▸ SUPPLIED DATA
◇ ◇ ◇ ◇

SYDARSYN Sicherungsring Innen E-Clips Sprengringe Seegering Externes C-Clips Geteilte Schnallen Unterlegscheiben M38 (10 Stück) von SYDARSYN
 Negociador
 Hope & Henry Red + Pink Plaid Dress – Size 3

◇ ◇ ◇ ◇

▸ WHAT IS BEING ASKED
What you return must match the data above character for character.

▸ ANSWER SPACE
SYDARSYN Sicherungsring Innen E-Clips Sprengringe Seegering Externes C-Clips Geteilte Schnallen Unterlegscheiben M38 (10 Stück) von SYDARSYN
 Negociador
 Hope & Henry Red + Pink Plaid Dress – Size 3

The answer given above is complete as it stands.